Indonesia kembali berduka. Pagi ini pesawat Boeing 737 MAX 8 milik Maskapai Lion Air jatuh di laut. 189 orang meninggal, termasuk kru dari pesawat. Tragedi ini menambah jumlah korban warga negeri kita setelah sebulan sebelumnya bencana gempa dan likuifaksi di Sigi Palu dan Donggala menelan lebih dari 2000 jiwa.
Bencana dan tragedi. Walaupun memiliki sebutan yang berbeda, keduanya memiliki tuntutan yang sama, harus segera ditangani. Tindakan pemerintah sudah benar dengan memberikan komando terintegrasi untuk melakukan pencarian dan pertolongan terhadap korban secepat mungkin.
Kita semua berduka. Tak boleh ada yang memperkeruh suasana. Jika ditengah segala upaya untuk melakukan penyelidikan atas peristiwa yang terjadi kemudian terjadi saling tuduh dan berkembang liar bahkan berujung dengan saling kasus-mengkasus, itu kita bisa sebut bencana sosial yang lain lagi.

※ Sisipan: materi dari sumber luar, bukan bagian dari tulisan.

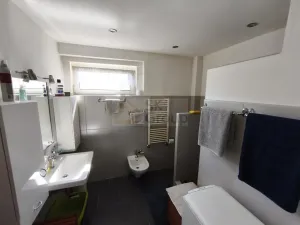 Prodej bytu 2+1, Karlovy Vary - Dvory, V. Meerwalda, 74 m2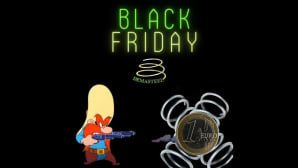Scoprite il Black Friday di Demasteel, offerte d’acciaio!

Jelang Pilpres dan Pileg tahun 2019 ini memang banyak sekali orang latah. Bencana seringkali dihubung-hubungkan dengan adanya kepemimpinan yang tak amanah lalu harus segera diganti dan sebagainya. Orang selalu mengkaitkan segala sesuatu dengan puncak kekuasaan, tetapi melupakan kebajikan bahwa mentarget kekuasaan itu sejatinya merupakan akar persoalan tersendiri.
Apakah politik membutuhkan tumbal? Kekuasaan barangkali memiliki caranya sendiri dalam meraihnya, yang bisa jadi menumbuhkan korban, tetapi hanya serupa tumbal namun sama sekali jelas tak layak disebut bencana.

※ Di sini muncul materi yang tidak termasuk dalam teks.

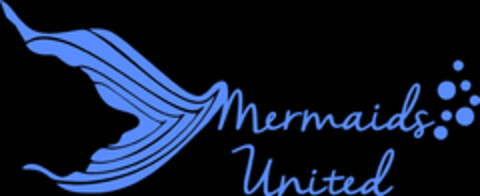 Mermaids United Logo (DPMA, 03/05/2024)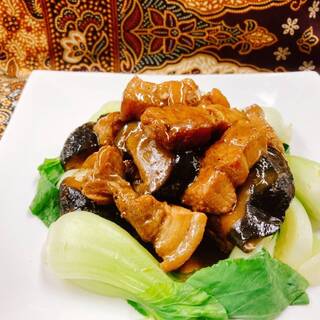 シンガポール料理 梁亜楼_2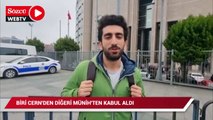 Tutuklu Boğaziçi Üniversitesi öğrencileri Perit Özen ve Berke Gök hakkında tahliye kararı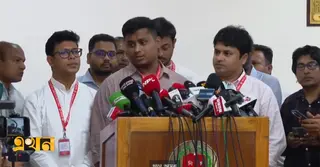 ইসির আচরণ মধ্যযুগীয় রাজা-বাদশাহদের মতো: হাসনাত আবদুল্লাহ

Yang orang sering lalai dan cenderung mengabaikan itu justru bagaimana kita bisa menyusun cara-cara mendirikan pondasi kekuasaan itu dengan menjaga etos sakral dan tidak semata menghalalkan segala cara.
Seperti halnya orang mendirikan rumah, menyiapkan perkawinan. Menjadi pemimpin atau pun wakil rakyat sejatinya juga tidak boleh mengabaikan nilai-nilai kesakralan tersebut. Nilai-nilai kesakralan yang secara humanisme sosial bisa kenali dalam menjaga hubungan dengan manusia dan alam sekitar.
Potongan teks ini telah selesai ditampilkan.